DDL Import¶

Import SQL DDL (CREATE TABLE statements) into a .spindle.json schema and generate synthetic data from any existing database design.

Quick Start¶

spindle from-ddl my_tables.sql --output my_schema.spindle.json
spindle generate --schema my_schema.spindle.json --scale small --output ./data/

from sqllocks_spindle.schema.ddl_parser import DdlParser
from sqllocks_spindle import Spindle

parser = DdlParser()
schema = parser.parse_file("my_tables.sql")

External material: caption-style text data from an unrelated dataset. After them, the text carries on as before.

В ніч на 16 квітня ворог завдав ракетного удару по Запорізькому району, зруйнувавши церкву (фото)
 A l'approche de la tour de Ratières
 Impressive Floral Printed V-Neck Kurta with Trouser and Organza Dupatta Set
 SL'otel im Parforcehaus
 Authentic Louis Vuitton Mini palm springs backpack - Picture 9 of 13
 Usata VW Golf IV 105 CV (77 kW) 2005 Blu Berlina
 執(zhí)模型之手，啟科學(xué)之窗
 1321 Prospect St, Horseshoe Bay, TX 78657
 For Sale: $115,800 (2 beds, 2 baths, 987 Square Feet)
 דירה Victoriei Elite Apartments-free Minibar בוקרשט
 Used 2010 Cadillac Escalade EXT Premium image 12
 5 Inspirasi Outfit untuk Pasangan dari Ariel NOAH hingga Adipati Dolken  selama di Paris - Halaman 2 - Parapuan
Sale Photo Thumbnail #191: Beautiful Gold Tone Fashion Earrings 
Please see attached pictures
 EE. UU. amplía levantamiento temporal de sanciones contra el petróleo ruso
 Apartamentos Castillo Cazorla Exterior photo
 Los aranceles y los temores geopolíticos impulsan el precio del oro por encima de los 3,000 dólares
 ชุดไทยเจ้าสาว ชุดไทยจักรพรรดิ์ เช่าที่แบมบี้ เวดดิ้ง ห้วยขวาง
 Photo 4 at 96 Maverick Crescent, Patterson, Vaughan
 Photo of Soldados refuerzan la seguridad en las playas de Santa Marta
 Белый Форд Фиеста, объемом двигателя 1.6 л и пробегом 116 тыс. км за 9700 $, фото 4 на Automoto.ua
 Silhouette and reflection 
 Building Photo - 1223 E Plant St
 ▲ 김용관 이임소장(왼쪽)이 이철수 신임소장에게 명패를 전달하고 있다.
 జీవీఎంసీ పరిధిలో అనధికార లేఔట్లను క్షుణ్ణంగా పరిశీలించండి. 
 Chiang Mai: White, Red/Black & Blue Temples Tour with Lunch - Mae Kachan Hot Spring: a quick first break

result = Spindle().generate(schema=schema, scale="small", seed=42)
print(result.summary())

Supported SQL Dialects¶

Dialect	Identity Syntax	Identifier Quoting	Notes
SQL Server / Fabric	`IDENTITY(1,1)`	`[brackets]`	T-SQL, schema-qualified names
PostgreSQL	`SERIAL`, `BIGSERIAL`	`"double quotes"`	Schema.table notation
MySQL	`AUTO_INCREMENT`	`backticks`	Standard MySQL syntax
ANSI SQL	—	`"double quotes"`	Generic fallback

The parser auto-detects the dialect from syntax patterns. No configuration needed.

What Gets Parsed¶

CREATE TABLE statements (with optional IF NOT EXISTS)
Column definitions with data types, precision/scale, and constraints
Primary keys — inline and table-level CONSTRAINT ... PRIMARY KEY
Foreign keys — inline REFERENCES, table-level FOREIGN KEY, and ALTER TABLE ADD CONSTRAINT
Identity/serial columns → sequence strategy
NOT NULL / NULL constraints → null_rate: 0.0 or default

Type-to-Strategy Mapping¶

The parser maps SQL types to appropriate generation strategies:

SQL Type	Generator Strategy	Details
`INT`, `BIGINT`, `SMALLINT`	`distribution: uniform`	Min/max based on type range
`DECIMAL(p,s)`, `NUMERIC`	`distribution: normal`	Mean/std derived from precision
`MONEY`, `SMALLMONEY`	`distribution: log_normal`	Realistic monetary distributions
`BIT`, `BOOLEAN`	`weighted_enum`	`{true: 0.85, false: 0.15}`
`DATETIME`, `DATE`, `TIMESTAMP`	`temporal: uniform`	Configurable date range
`UNIQUEIDENTIFIER`, `UUID`	`uuid`	UUID v4
`VARCHAR`, `NVARCHAR`, `TEXT`	Heuristic (see below)	Based on column name
`VARBINARY`, `IMAGE`	Skipped	Binary columns excluded

Column Name Heuristics¶

String columns are matched against 24 exact names and 7 suffix patterns:

Exact Matches¶

Column Name	Faker Provider
`first_name`	`first_name`
`last_name`	`last_name`
`email`	`email`
`phone`	`phone_number`
`address`	`street_address`
`city`	`city`
`state`	`state_abbr`
`zip_code`, `postal_code`	`zipcode`
`country`	`country`
`company`	`company`
`username`	`user_name`
`ssn`	`ssn`
`ip_address`	`ipv4`

Suffix Patterns¶

Suffix	Strategy
`*_name`	`faker: name`
`*_email`	`faker: email`
`*_phone`	`faker: phone_number`
`*_date`	`temporal`
`*_code`	`pattern`
`_type`, `_status`	`weighted_enum`
`*_id`	FK candidate (auto-linked)

Foreign Key Detection¶

FKs are resolved two ways:

Explicit constraints — parsed directly from FOREIGN KEY / REFERENCES clauses
Naming convention — columns ending in _id are matched to tables by name (e.g., customer_id → FK to customer.customer_id)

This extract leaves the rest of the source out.